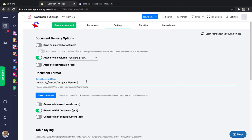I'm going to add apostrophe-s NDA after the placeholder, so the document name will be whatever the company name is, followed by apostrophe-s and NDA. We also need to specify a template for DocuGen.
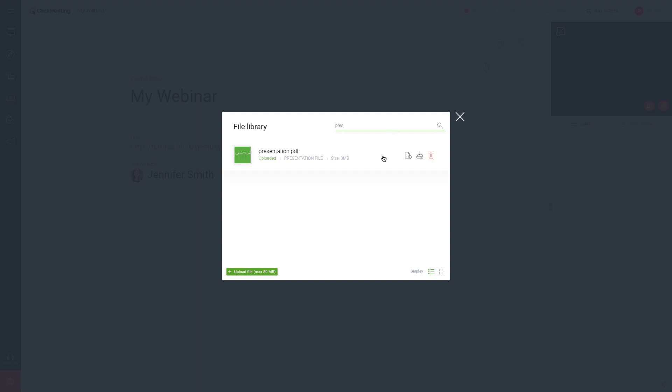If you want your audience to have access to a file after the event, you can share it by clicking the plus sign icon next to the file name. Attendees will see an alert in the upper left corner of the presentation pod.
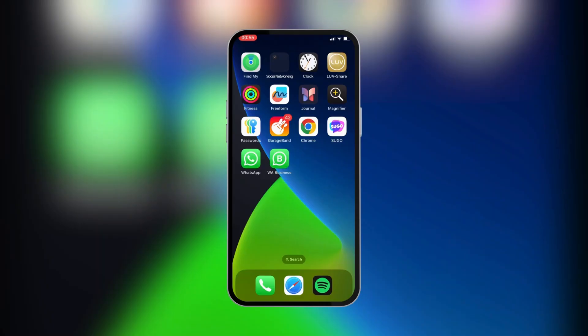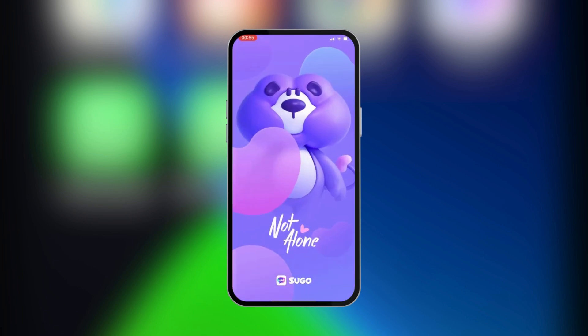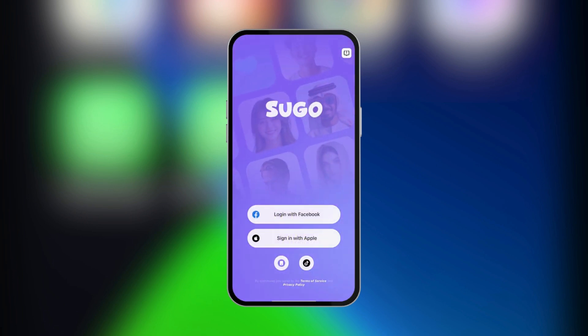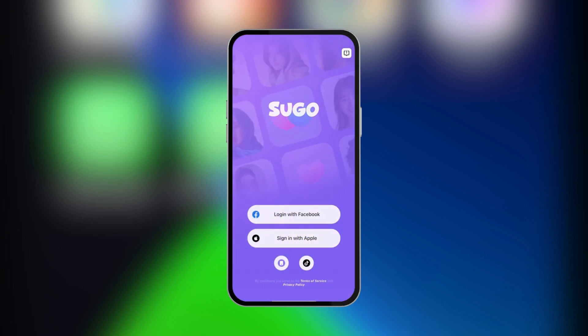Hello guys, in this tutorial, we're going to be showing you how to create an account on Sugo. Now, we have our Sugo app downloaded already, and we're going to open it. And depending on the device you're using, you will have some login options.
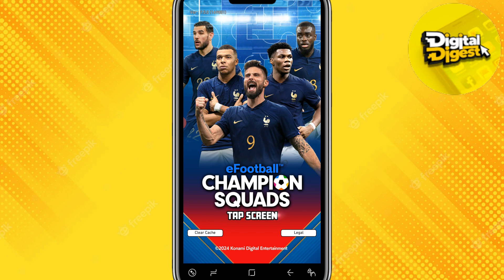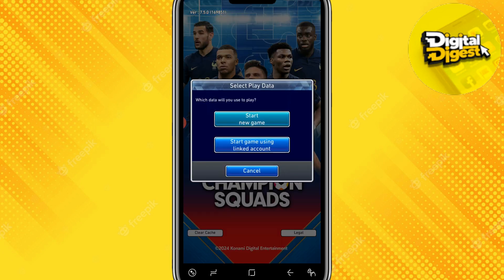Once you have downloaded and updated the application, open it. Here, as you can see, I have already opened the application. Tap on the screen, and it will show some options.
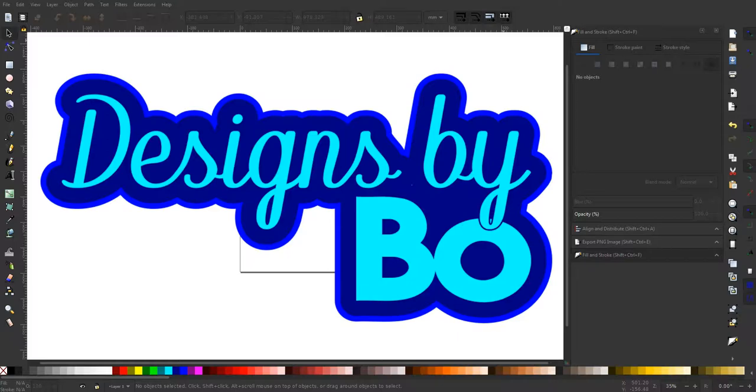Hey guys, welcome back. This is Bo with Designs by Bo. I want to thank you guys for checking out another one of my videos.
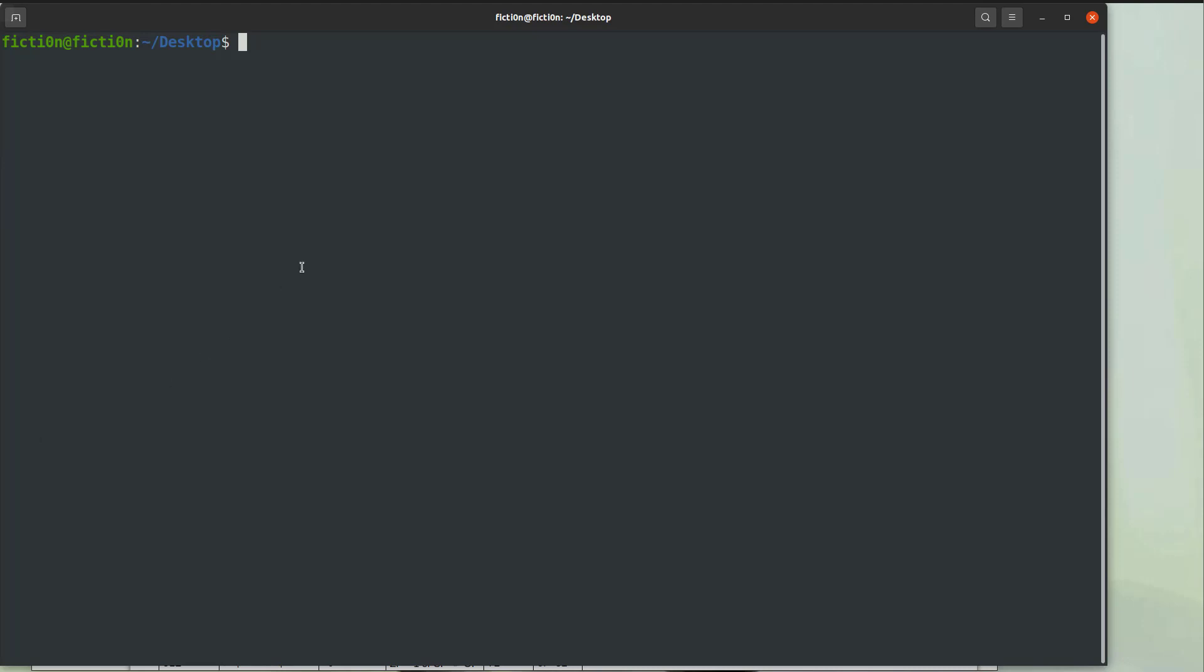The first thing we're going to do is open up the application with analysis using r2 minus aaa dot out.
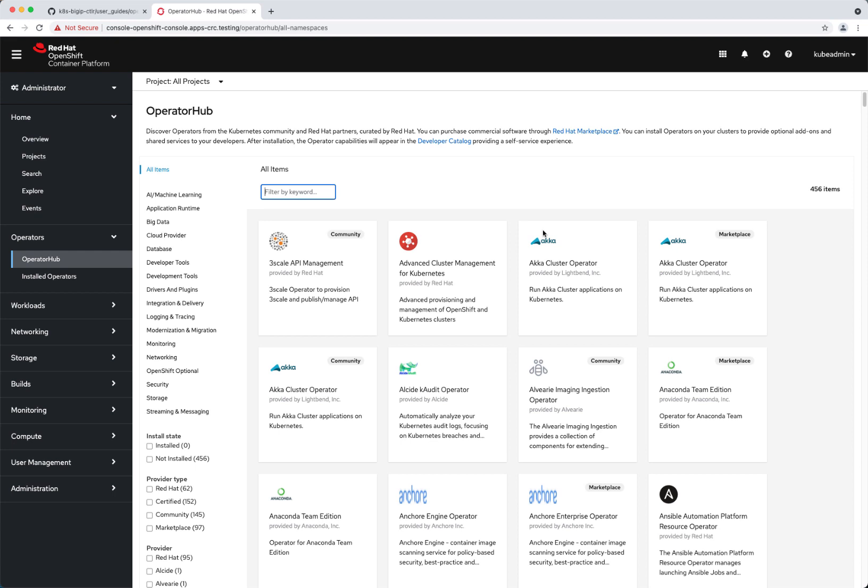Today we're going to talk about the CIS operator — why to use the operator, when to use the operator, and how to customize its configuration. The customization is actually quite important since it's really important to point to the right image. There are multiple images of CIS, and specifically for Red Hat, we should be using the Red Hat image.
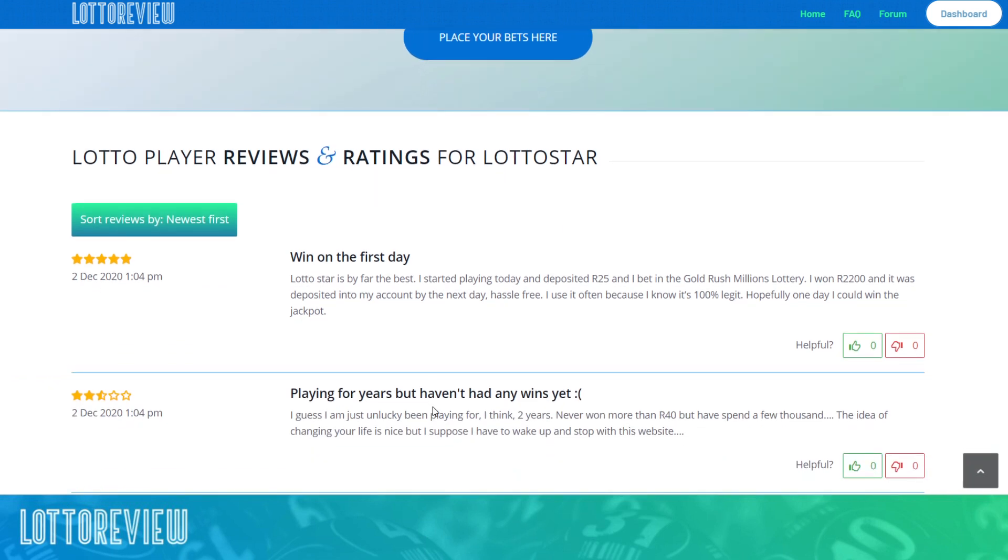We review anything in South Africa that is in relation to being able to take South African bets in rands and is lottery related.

*****

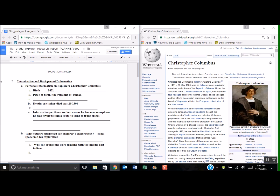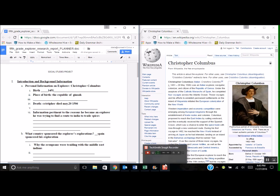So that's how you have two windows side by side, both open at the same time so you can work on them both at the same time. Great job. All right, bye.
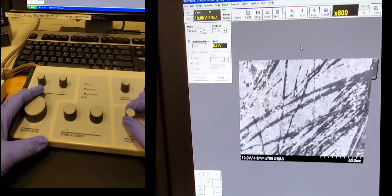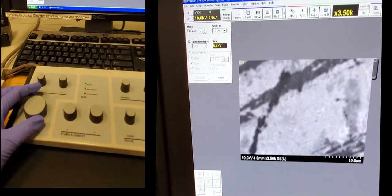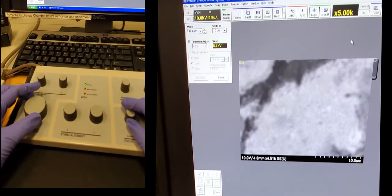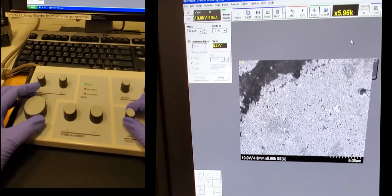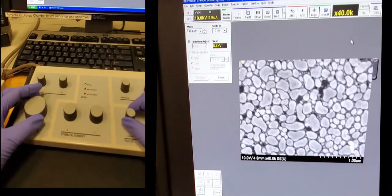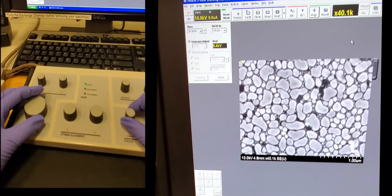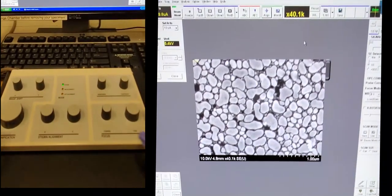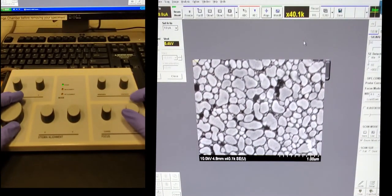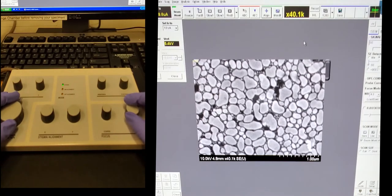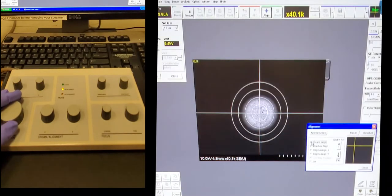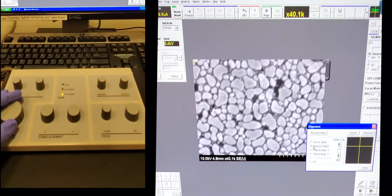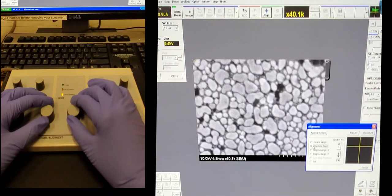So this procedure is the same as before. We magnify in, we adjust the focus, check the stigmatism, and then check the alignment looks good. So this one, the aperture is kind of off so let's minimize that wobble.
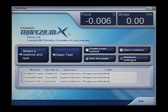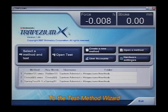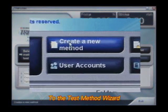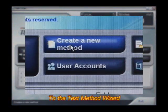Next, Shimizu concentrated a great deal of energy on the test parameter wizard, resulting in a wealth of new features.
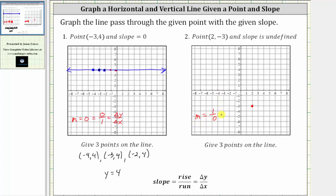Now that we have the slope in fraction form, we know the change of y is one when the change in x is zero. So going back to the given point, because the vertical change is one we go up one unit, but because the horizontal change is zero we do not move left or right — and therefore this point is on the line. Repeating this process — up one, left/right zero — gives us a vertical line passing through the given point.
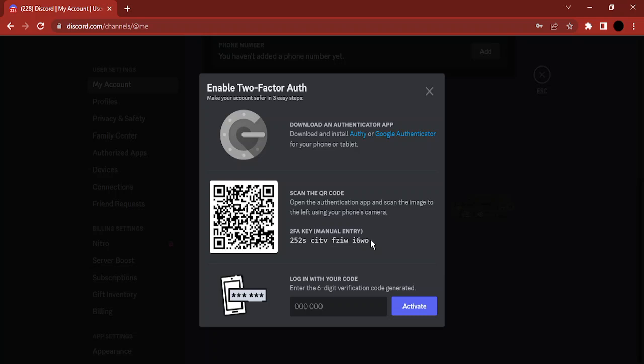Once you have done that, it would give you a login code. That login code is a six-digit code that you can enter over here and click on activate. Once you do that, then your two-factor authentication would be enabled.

*****

Each line between the one holding "So that's how" and the one holding "Once you have done", inclusive, should be copied exactly as it appears above, and pictures should be omitted.

So that's how you have two windows side by side, both open at the same time so you can work on them both at the same time. Great job. All right, bye.
So this procedure is the same as before. We magnify in, we adjust the focus, check the stigmatism, and then check the alignment looks good. So this one, the aperture is kind of off so let's minimize that wobble.
Next, Shimizu concentrated a great deal of energy on the test parameter wizard, resulting in a wealth of new features.
Now that we have the slope in fraction form, we know the change of y is one when the change in x is zero. So going back to the given point, because the vertical change is one we go up one unit, but because the horizontal change is zero we do not move left or right — and therefore this point is on the line. Repeating this process — up one, left/right zero — gives us a vertical line passing through the given point.
Once you have done that, it would give you a login code. That login code is a six-digit code that you can enter over here and click on activate. Once you do that, then your two-factor authentication would be enabled.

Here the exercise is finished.